From an SRA analysis perspective I wonder if you can produce a
fix that doesn't depend on the earlier patches in this series?
It might be as "simple" as, in completely_scalarize, for
FIELD_DECLs with following padding to artificially enlarge
the field (I wonder if we can do w/o the 'ref' arg to
scalarize_elem for that - we'd build a MEM_REF then?).

Thanks,
Richard.

> Thanks,
> 
> Martin
> 
> 2019-12-13  Martin Jambor  <mjambor@suse.cz>
> 
> 	PR tree-optimization/92486
> 	* tree-sra.c: Include langhooks.h.
> 	(total_scalarization_fill_padding): New function.

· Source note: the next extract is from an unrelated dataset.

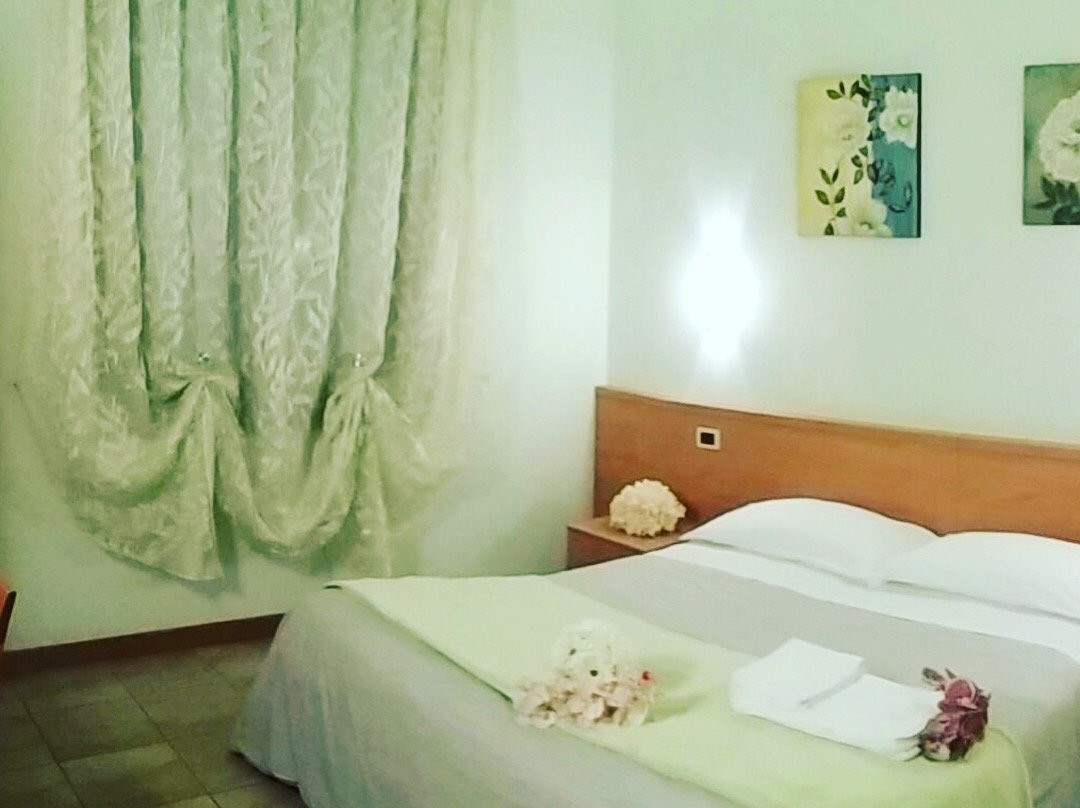 San Giuliano酒店住宿-Casa Gaia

> 	(total_skip_all_accesses_until_pos): Also create accesses for padding.
> 	(total_should_skip_creating_access): Pass new parameters to
> 	total_skip_all_accesses_until_pos, update how much area is already
> 	covered in cases of success.
> 	(totally_scalarize_subtree): Track how much of an aggregate is
> 	covered, create accesses for trailing padding.
> ---
>  gcc/tree-sra.c | 102 ++++++++++++++++++++++++++++++++++++++++++++-----
>  1 file changed, 92 insertions(+), 10 deletions(-)
> 
> diff --git a/gcc/tree-sra.c b/gcc/tree-sra.c
> index 9f087e5c27a..753bf63c33c 100644
> --- a/gcc/tree-sra.c
> +++ b/gcc/tree-sra.c
> @@ -99,7 +99,7 @@ along with GCC; see the file COPYING3.  If not see
>  #include "dbgcnt.h"
>  #include "builtins.h"
>  #include "tree-sra.h"
> -
> +#include "langhooks.h"
>  
>  /* Enumeration of all aggregate reductions we can do.  */
>  enum sra_mode { SRA_MODE_EARLY_IPA,   /* early call regularization */
> @@ -2983,6 +2983,54 @@ create_total_scalarization_access (struct access *parent, HOST_WIDE_INT from,
>    return access;
>  }
>  
> +/* Create accesses to cover padding within PARENT, spanning from FROM to TO,
> +   link it in between its children in between LAST_PTR and NEXT_SIBLING.  */
> +
> +static struct access **
> +total_scalarization_fill_padding (struct access *parent, HOST_WIDE_INT from,
> +				  HOST_WIDE_INT to, struct access **last_ptr,
> +				  struct access *next_sibling)
> +{
> +  do
> +    {
> +      /* Diff cannot be bigger than max_scalarization_size in
> +	 analyze_all_variable_accesses.  */
> +      HOST_WIDE_INT diff = to - from;
> +      gcc_assert (diff >= BITS_PER_UNIT);
> +      HOST_WIDE_INT stsz = 1 << floor_log2 (diff);
> +      tree type;
> +      scalar_int_mode mode;
> +
> +      while (true)
> +	{
> +	  type = lang_hooks.types.type_for_size (stsz, 1);
> +	  if (type
> +	      && is_a <scalar_int_mode> (TYPE_MODE (type), &mode)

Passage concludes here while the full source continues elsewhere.